Editor’s Note: The following is a list compiled by the Kyiv Post of some of the most notable merger and acquisition transactions in Ukraine this year.

Ukrtelecom

It is hard to consider this year’s privatization of a 93 percent stake in fixed-line telephone monopoly Ukrtelecom as a classical M&A transaction. For one, it was a privatization deal. Secondly, controversial conditions of the privatization auction excluded many top investors from taking part. As a result, only one bidder took part.

And in the end, the market is convinced that the new owner, Austria’s EPIC, represents domestic business interests as a front. Nevertheless, Ukrtelecom was acquired by the group for $1.3 billion, making it the second largest privatization acquisition in Ukraine’s history after the 2005 $4.8 billion purchase Kryvorizhstal by Mittal Steel (Today ArcelorMittal).

Ukrtelecom’s privatization also deserves attention because the company owns Ukraine’s sole license for 3G telecommunications.

Rise, Dakor

Early this year, Oleg Bakhmatyuk’s Ukrlandfarming acquired two large agribusinesses. He is estimated to have paid about $40-50 million for Rise, which cultivates 180,000 hectares of land in Ukraine and owns a grain storage facility.

To buy Dakor, the nation’s second largest sugar producer, Bakhmatyuk is estimated to have paid about $15-20 million, a big discount considering that he agreed to pay the group’s large debts. Dakor cultivates 100,000 hectares of land and also has a grain storage facility.

Ukrros

Leading sunflower oil producer Kernel bought a 71 percent stake in Ukrros, Ukraine’s third biggest sugar producer. Kernel paid about $42 million for the equity and agreed to cover debts of $100 million.

Advertisement

Cherkasy Azot

Ukrainian billionaire Dmytro Firtash is estimated to have paid about $800 million for chemical factory Cherkassy Azot.

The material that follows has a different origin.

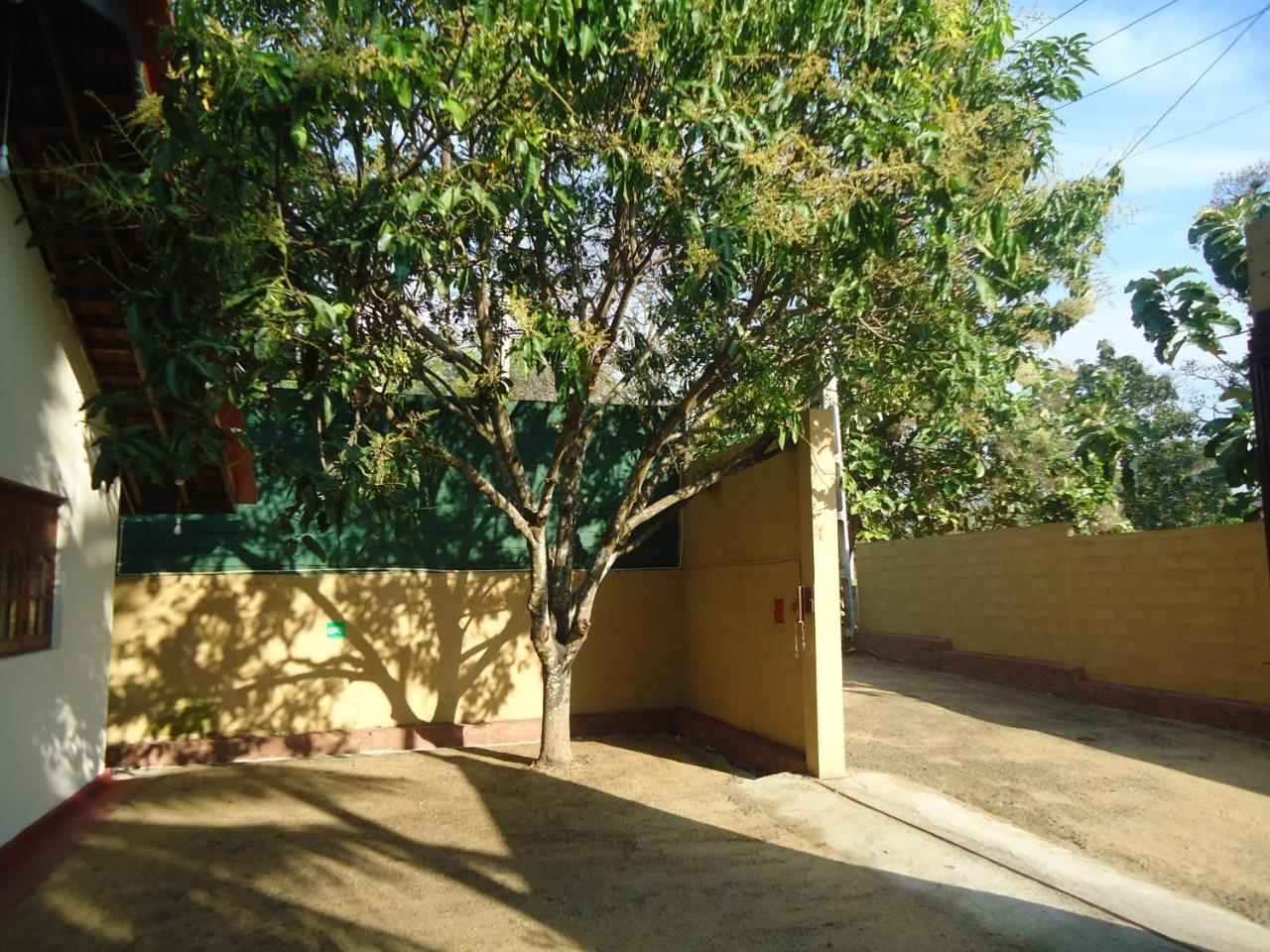 New Sanmi Resort Malabe Extérieur photo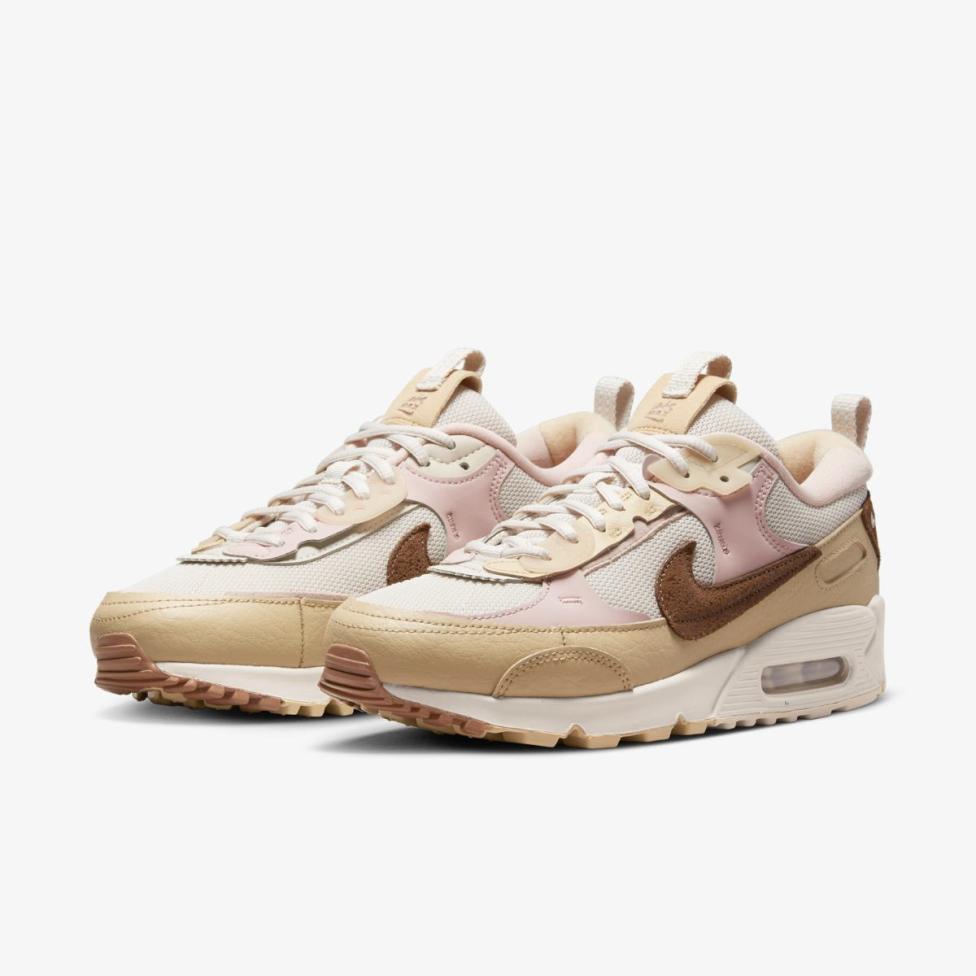 Outlet Женские кроссовки NIKE WMNS AIR MAX 90 FUTURA DZ4704-100_image_5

Analysts estimate that Firtash, whose business interest span from the lucrative natural gas business to titanium and media, spent “billions” since August 2010 to acquire Cherkassy Azot and two other chemical plants: Stirol and Severodonetsk-based Azot.

All three were sold by Ukrainian businessmen. In closing the acquisitions, Firtash, who is close to the inner circle of President Viktor Yanukovych, established himself as one of the top chemical industry players in Europe.

KP Media

American publisher Jed Sunden sold KP Media, which publishes Korrespondent, a popular weekly magazine and news portal, and Bigmir.net, a leading Internet portal. The buyers are oligarch Petro Poroshenko and media magnate Boris Lozhkin. Sunden was reportedly seeking $15-18 million.

Inkerman

In January, Horizon Capital, a private equity fund, and Hartwall Capital of Finland, bought a stake in Crimea-based Inkerman, one of Ukraine’s largest wine producers. The sale price was not disclosed.

Home Credit Bank

At the end of 2010, Czech Home Credit Group exited the Ukrainian banking market by selling Home Credit Bank, a relatively small domestic bank operation, to Ukraine’s Platinum Bank. The latter is owned by Horizon Capital, East Capital and the International Finance Corporation.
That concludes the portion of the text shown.